Is it a problem if 127.0.0.1 appears in email headers?
Example: Received: from baobabsmail.baobab.fi ([127.0.0.1])
I ask because emails sent from my server to @outlook.com addresses end up in the spam folder and this is the last thing I can think of. I have properly configured HELO, DKIM, Reverse DNS, SenderID, SPF and DMARC. I don't send out mass emails. My IP is from AWS, but it isn't on any publicly available blacklists. I have verified that everything is set up correctly using DKIMvalidator, MxToolBox and mail-tester.

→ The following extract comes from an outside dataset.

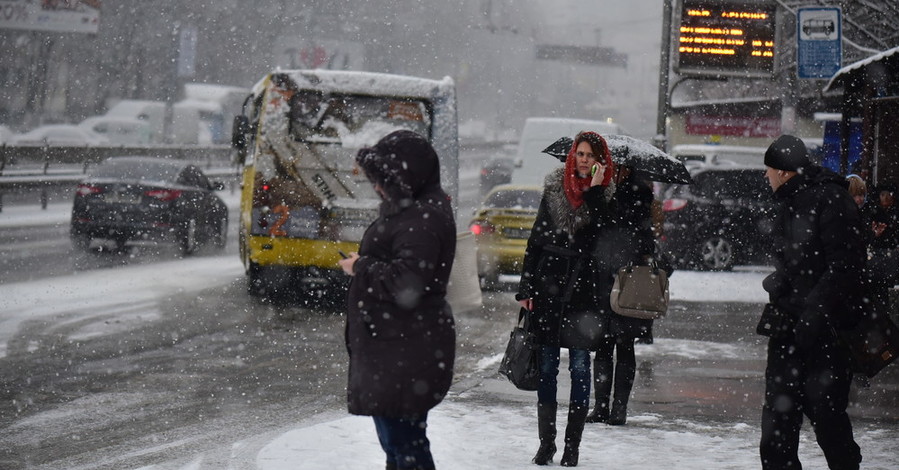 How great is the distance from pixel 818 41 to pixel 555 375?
35.0ft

Edit: for what it's worth, I finally got rid of the 127.0.0.1's in my headers and it did not resolve the issue for me.
Unfortunately, it depends...
Mail systems vary in how they are configured, and it is perfectly legitimate for an MUA (e.g. Thunderbird) to send outgoing mail to an MTA / mail server (e.g. exim) running on the same machine using the localhost address. Unusual, these days, but not "bad by definition".

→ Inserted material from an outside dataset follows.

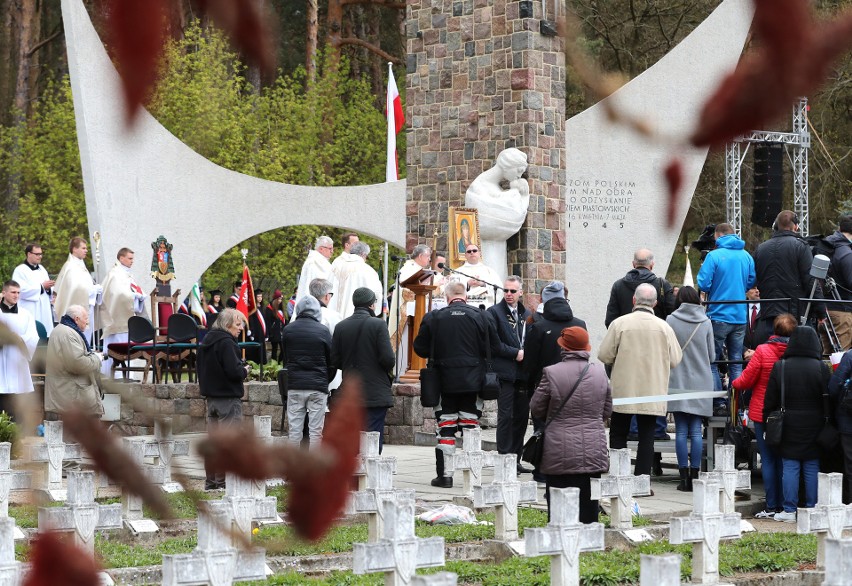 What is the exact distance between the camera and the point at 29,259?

When you say 'end up in the spam folder', what is it that puts it there: are you using a local mail server? if so is it that server that junks the mail (on send) or outlook.com itself (on receipt). Either way, what error messages or other failure information have you found?
Some random thoughts:
DKIM is a pain to set up correctly. Try disabling it entirely and see if that changes things in interesting ways.
Ditto DMARC.
Have you got SPF set up separately? If so, disable SPF and retry.
Is IPv6 involved in the mix at all? Various things are subtly different if so.

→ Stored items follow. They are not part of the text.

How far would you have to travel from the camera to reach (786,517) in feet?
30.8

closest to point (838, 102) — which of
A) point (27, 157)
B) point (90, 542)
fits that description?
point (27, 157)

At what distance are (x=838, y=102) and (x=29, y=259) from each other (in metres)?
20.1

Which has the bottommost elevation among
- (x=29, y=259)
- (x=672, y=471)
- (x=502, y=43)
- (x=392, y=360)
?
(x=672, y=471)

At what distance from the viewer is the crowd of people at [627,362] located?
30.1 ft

If outlook.com were to do sender verify callbacks (i.e. on receipt, check that mail from address was an acceptable recipient to your server) would it pass?
Is your email system sending RFC-conformant mail: that is, does it have a From: address, To: or Sender: address, Message-ID:, Date: headers and, if using MIME, Content-* headers (and probably a couple I forget!).
If changing DKIM / DMARC / SPF changes things (and remembering DNS timeouts, leave it a while between attempts), re-add SPF first - it is the simplest to get right.